▶ [Exercise objective] Every entry below should be transcribed exactly; pictures stay out of the copy.

┄┄┄┄┄┄┄┄┄┄┄┄┄┄┄┄┄┄┄┄

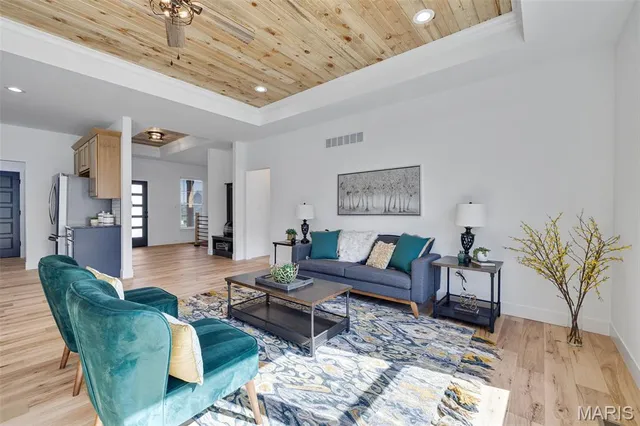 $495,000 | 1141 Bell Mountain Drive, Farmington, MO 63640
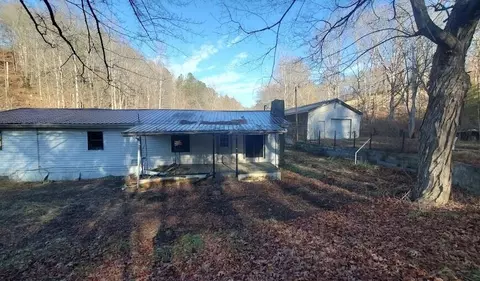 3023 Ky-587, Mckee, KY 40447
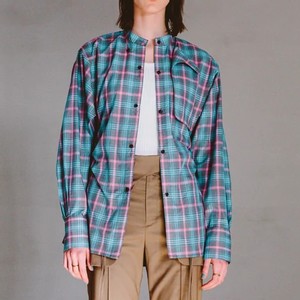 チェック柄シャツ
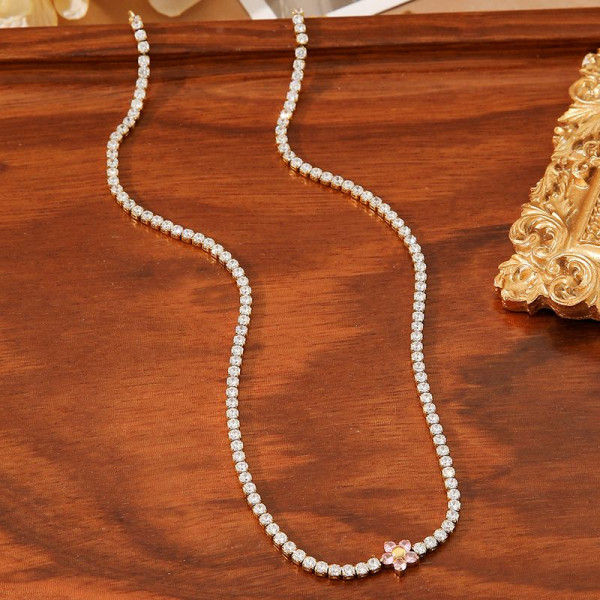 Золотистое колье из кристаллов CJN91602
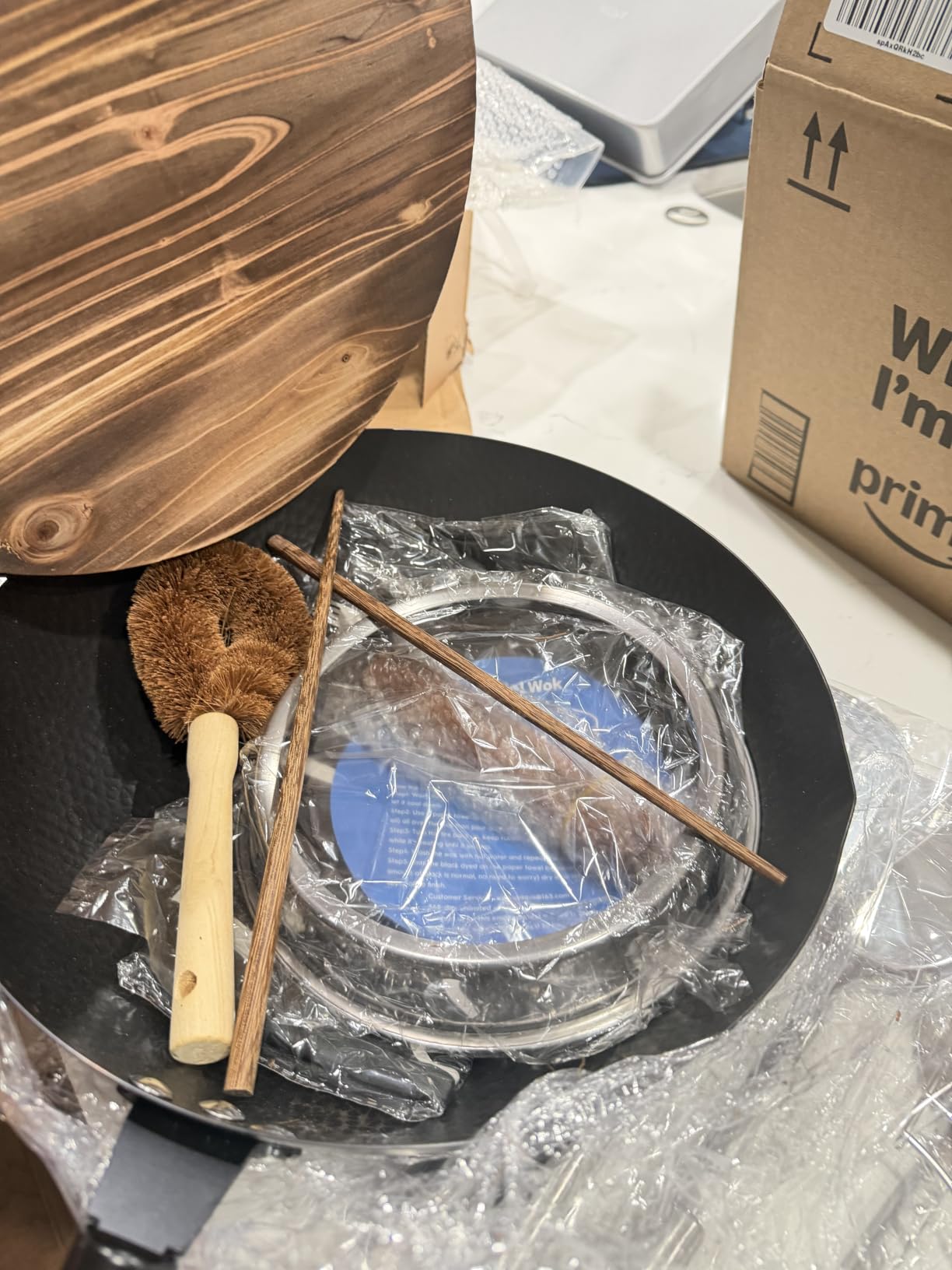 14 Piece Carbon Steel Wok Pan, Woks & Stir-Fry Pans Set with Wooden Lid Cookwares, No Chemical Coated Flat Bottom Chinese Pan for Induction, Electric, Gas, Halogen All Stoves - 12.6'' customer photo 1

┄┄┄┄┄┄┄┄┄┄┄┄┄┄┄┄┄┄┄┄

▶ [Response box]
 $495,000 | 1141 Bell Mountain Drive, Farmington, MO 63640
 3023 Ky-587, Mckee, KY 40447
 チェック柄シャツ
 Золотистое колье из кристаллов CJN91602
 14 Piece Carbon Steel Wok Pan, Woks & Stir-Fry Pans Set with Wooden Lid Cookwares, No Chemical Coated Flat Bottom Chinese Pan for Induction, Electric, Gas, Halogen All Stoves - 12.6'' customer photo 1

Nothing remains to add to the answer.